Lots of you may be suffering from post-iPhone 5-launch-related blues, but thankfully there's been plenty of reaction on ITProPortal today to offset the sadness. We begin with news that Orange and T-Mobile have opened their iPhone 5 registration pages, though customers are being encouraged to switch to EE as quickly as possible. Three will definitely stock the handset, while Tesco Mobile, Virgin Mobile and Talkmobile have neither confirmed nor denied anything so far.
Everyone's got their take on Apple's big launch last night, and unsurprisingly, opinions are arriving at both ends of the scale. So you can get a balanced view on things, we've had a look at the most interesting interpretations of the iPhone 5, from those inside and outside the tech world – including our readers. Follow the link to see what the consensus is post-launch, pre-release.
From the impartial, to the, well, partial. James Laird describes the iPhone 5 as "a case study in mediocrity and Apple's rotten ethos," after an "underwhelming" launch night in California. James questions Tim Cook's ability to fill the sizeable shoes of Steve Jobs, wonders if the phone could have had that extra wow-factor, and suggests the future for Apple as a whole may not quite be as rosy as it was one year ago. No doubt many of you will have something to say about this, so go and investigate James' logic and feel free to air opinions in the comments section.
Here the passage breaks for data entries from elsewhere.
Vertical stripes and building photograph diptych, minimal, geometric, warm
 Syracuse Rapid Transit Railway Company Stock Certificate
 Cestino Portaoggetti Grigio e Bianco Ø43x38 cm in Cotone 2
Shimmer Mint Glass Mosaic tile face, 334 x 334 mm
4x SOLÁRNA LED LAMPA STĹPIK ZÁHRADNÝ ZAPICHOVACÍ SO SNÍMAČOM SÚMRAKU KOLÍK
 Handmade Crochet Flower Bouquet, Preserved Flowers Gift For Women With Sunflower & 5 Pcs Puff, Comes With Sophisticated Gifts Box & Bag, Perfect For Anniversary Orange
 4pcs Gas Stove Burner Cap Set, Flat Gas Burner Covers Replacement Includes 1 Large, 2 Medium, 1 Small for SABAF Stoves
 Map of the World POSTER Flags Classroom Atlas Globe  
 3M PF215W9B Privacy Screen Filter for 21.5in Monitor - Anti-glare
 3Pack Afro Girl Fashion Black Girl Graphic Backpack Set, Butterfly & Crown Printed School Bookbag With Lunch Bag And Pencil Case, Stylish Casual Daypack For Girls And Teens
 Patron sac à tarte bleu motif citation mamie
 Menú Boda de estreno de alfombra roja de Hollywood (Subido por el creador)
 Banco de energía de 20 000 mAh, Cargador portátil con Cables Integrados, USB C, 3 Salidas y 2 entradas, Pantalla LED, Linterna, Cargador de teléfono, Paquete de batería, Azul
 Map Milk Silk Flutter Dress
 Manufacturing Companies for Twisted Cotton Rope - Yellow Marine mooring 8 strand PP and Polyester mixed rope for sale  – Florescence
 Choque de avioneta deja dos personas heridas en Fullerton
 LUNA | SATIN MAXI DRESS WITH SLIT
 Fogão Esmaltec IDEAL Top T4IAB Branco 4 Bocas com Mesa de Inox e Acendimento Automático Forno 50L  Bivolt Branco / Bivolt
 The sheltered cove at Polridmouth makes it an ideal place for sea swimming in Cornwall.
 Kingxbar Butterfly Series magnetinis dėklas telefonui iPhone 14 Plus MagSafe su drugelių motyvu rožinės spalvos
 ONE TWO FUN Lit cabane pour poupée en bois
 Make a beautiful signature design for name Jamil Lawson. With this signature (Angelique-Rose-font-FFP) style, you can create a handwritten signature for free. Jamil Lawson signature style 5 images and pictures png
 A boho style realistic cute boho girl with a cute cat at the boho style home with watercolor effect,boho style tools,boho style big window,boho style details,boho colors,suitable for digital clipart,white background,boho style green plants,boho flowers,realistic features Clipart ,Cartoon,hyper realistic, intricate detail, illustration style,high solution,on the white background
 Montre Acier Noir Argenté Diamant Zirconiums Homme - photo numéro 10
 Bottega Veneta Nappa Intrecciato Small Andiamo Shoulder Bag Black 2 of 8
There is a world outside Apple, and today we learned that Nintendo's Wii U will become available for purchase in the UK on 30 November. The console will come in two separate editions: the white, 8GB basic and the black, 32GB premium. In terms of pricing, Amazon initially cited £199.99 as the price of the basic edition before removing the page, Gamestation has tweeted £210 and £250 for the basic and premium respectively, and other retailers are yet to confirm theirs. Stay locked into ITPP for anything official as it breaks.
Elsewhere, Surrey County Council has struck a deal with BT worth £33 million. As a result, by the end of 2014 the entire county will have access to superfast broadband, which could perform at almost 9 times the speed of the national average connection. The deal is unrivalled and could boost Surrey's economy by a staggering £28 million per annum.